[Dataset records — start]

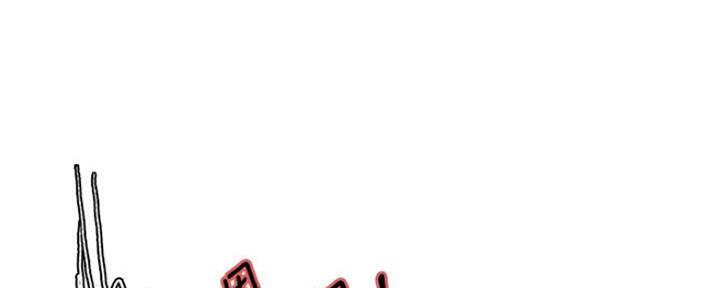 《诚征室友》第75话 第54页
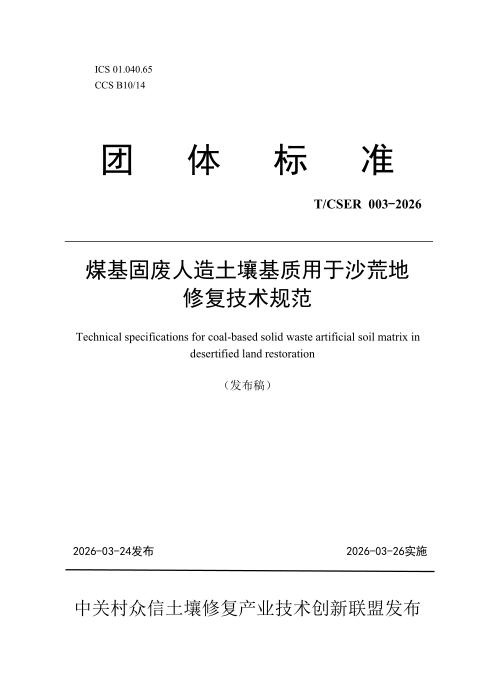 T/CSER 003-2026 煤基固废人造土壤基质用于沙荒地修复技术规范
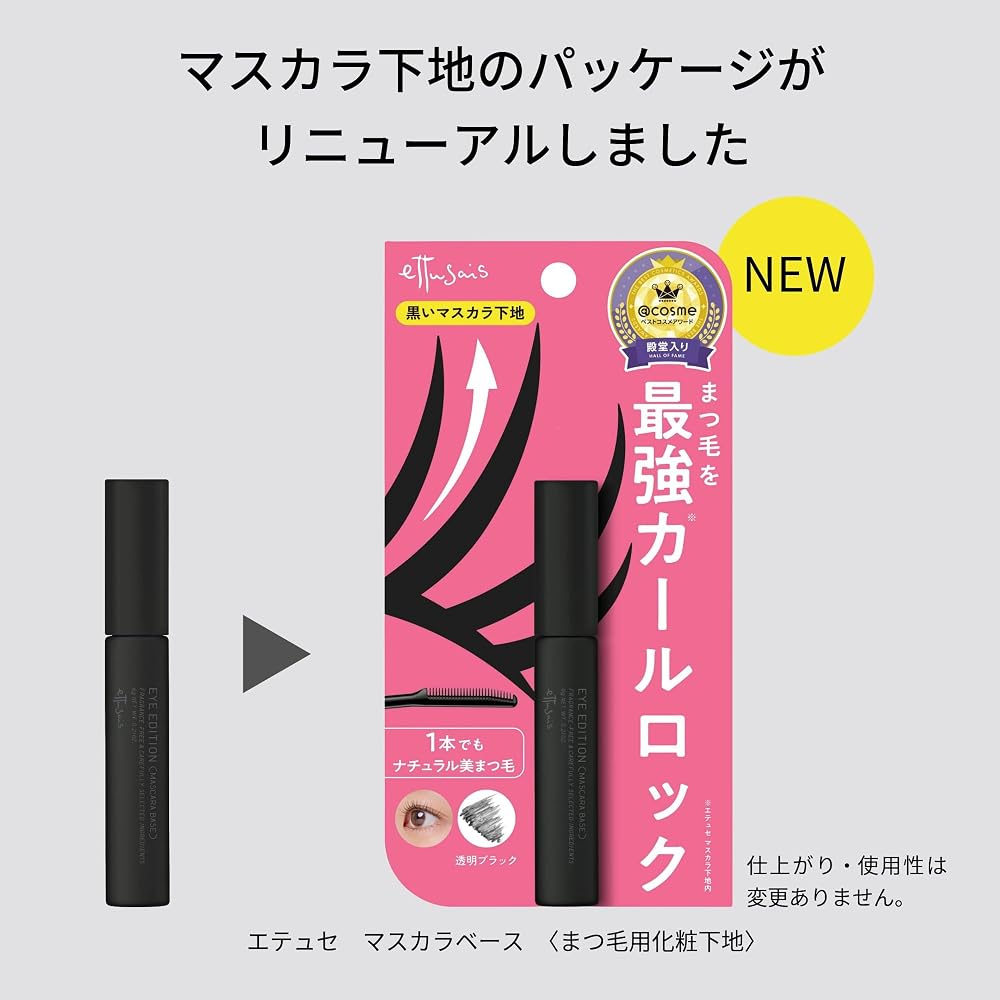 ettusais Mascara Base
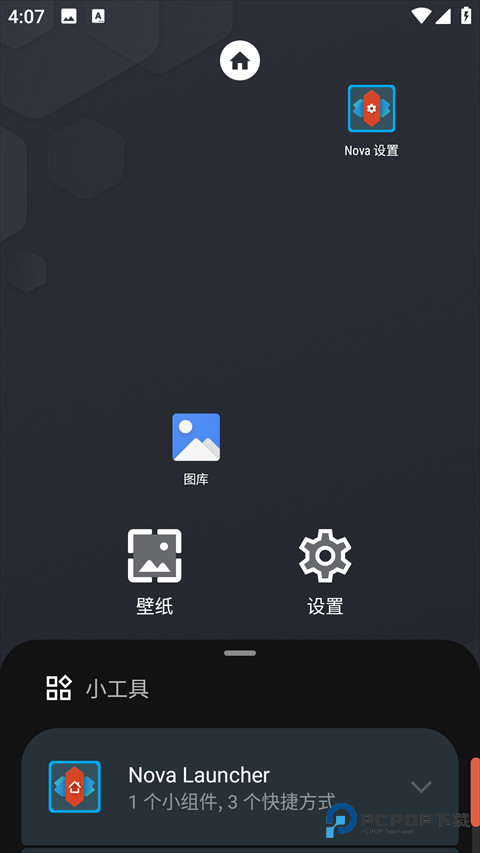 novalauncher中文版
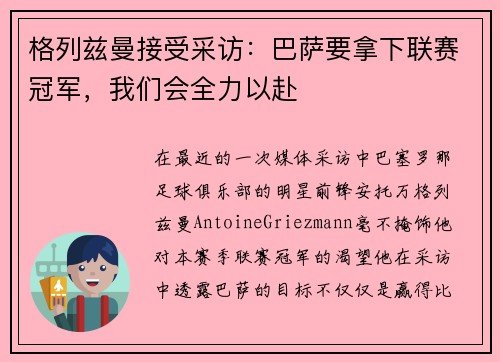 格列兹曼接受采访：巴萨要拿下联赛冠军，我们会全力以赴
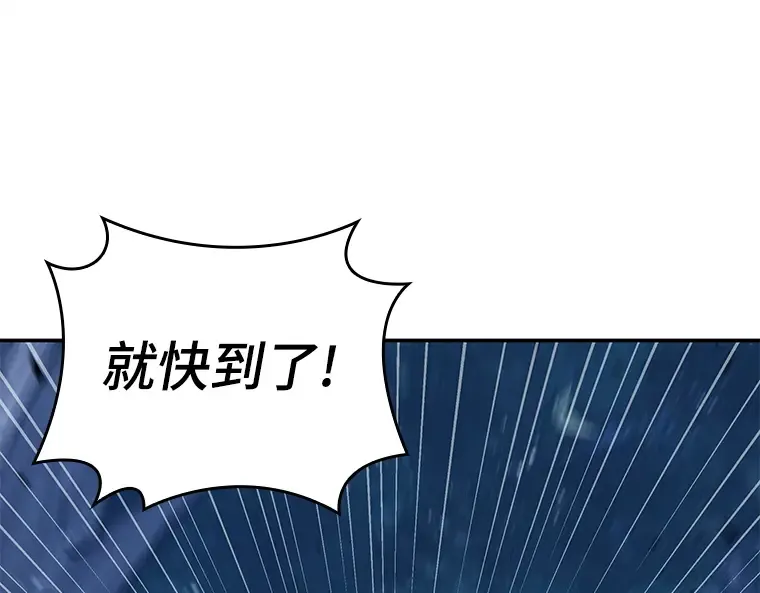 133 可以改变的东西（8） 第23页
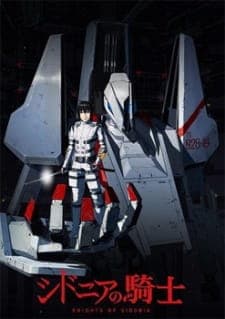 Sidonia no Kishi Sub Indo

[Dataset records — finish]

▶ **Problem details**
Could you transcribe exactly the lines running from the one with "ettusais Mascara Base" to the final line of the material above, both included, with no pictures?

▶ **Result of the task**
 ettusais Mascara Base
 novalauncher中文版
 格列兹曼接受采访：巴萨要拿下联赛冠军，我们会全力以赴
 133 可以改变的东西（8） 第23页
 Sidonia no Kishi Sub Indo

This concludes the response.